* Exercise prompt: Repeat the listing below in full and exactly. Pictures are to be omitted.

* Data extract:
#####

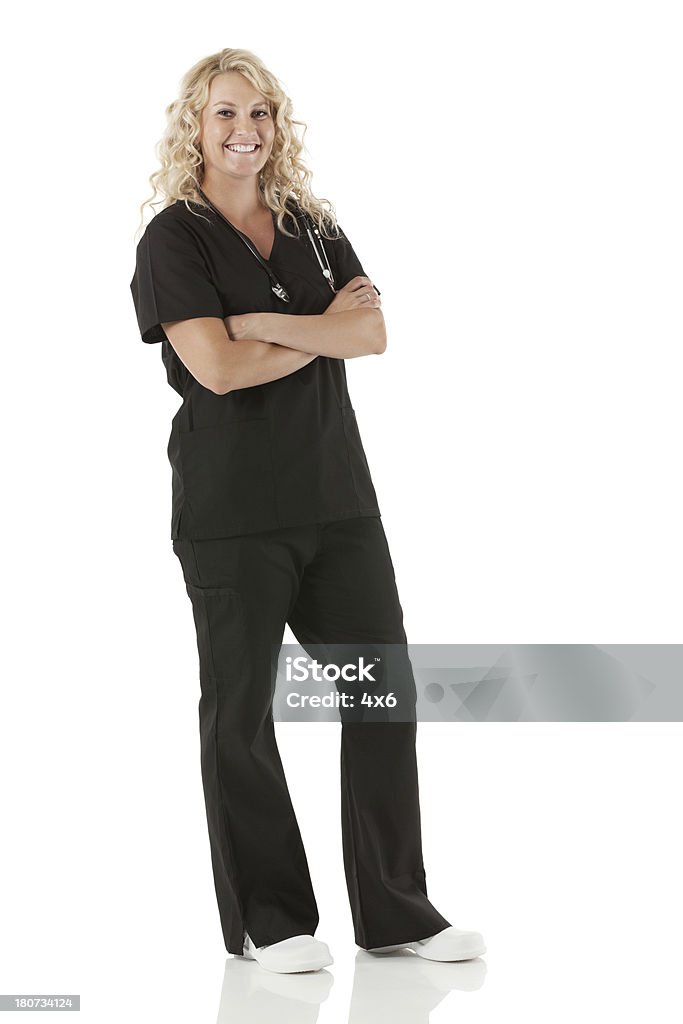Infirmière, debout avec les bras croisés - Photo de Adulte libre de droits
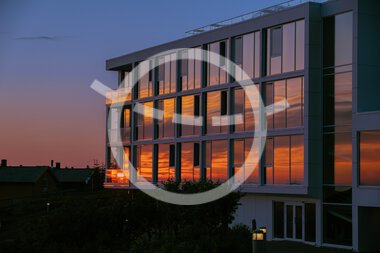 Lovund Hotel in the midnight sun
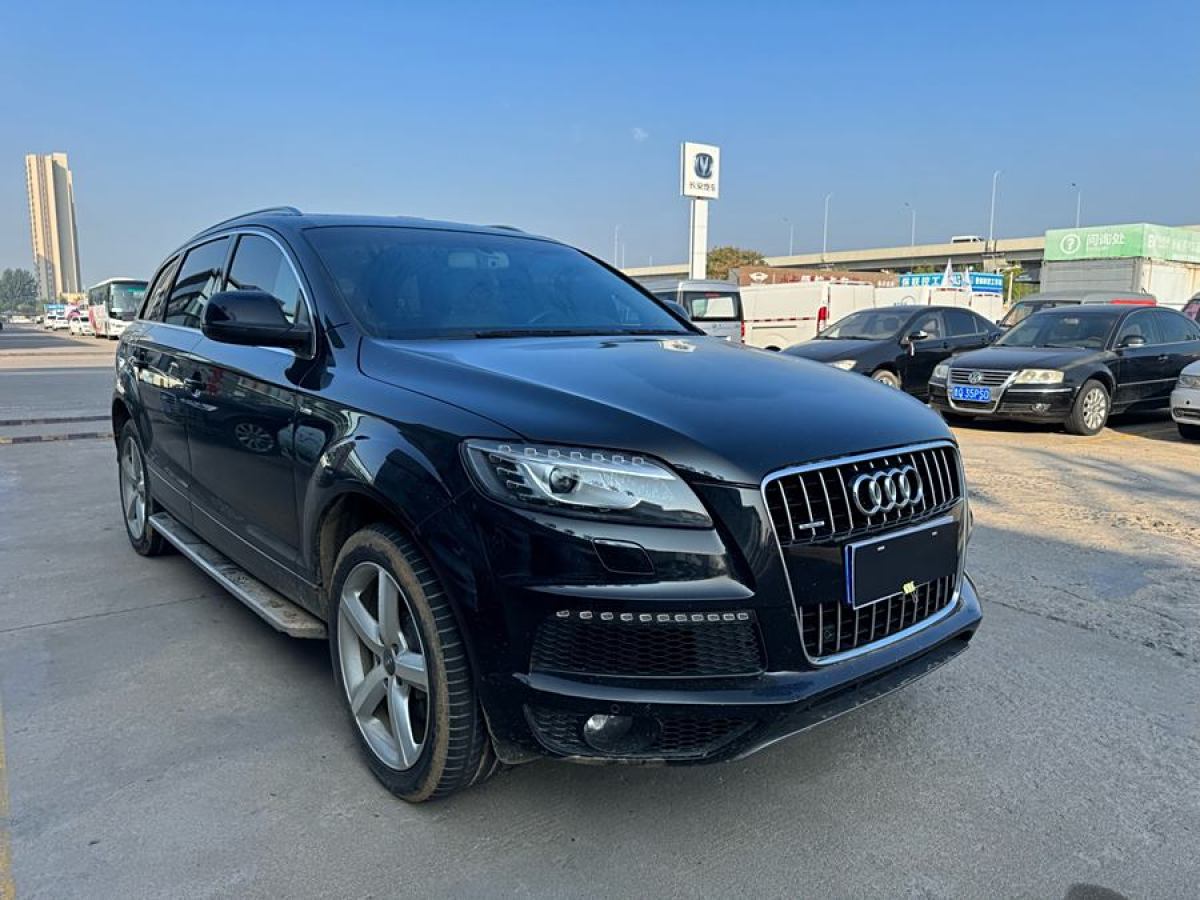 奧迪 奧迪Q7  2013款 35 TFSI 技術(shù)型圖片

#####

* Response to the exercise:
Infirmière, debout avec les bras croisés - Photo de Adulte libre de droits
 Lovund Hotel in the midnight sun
 奧迪 奧迪Q7  2013款 35 TFSI 技術(shù)型圖片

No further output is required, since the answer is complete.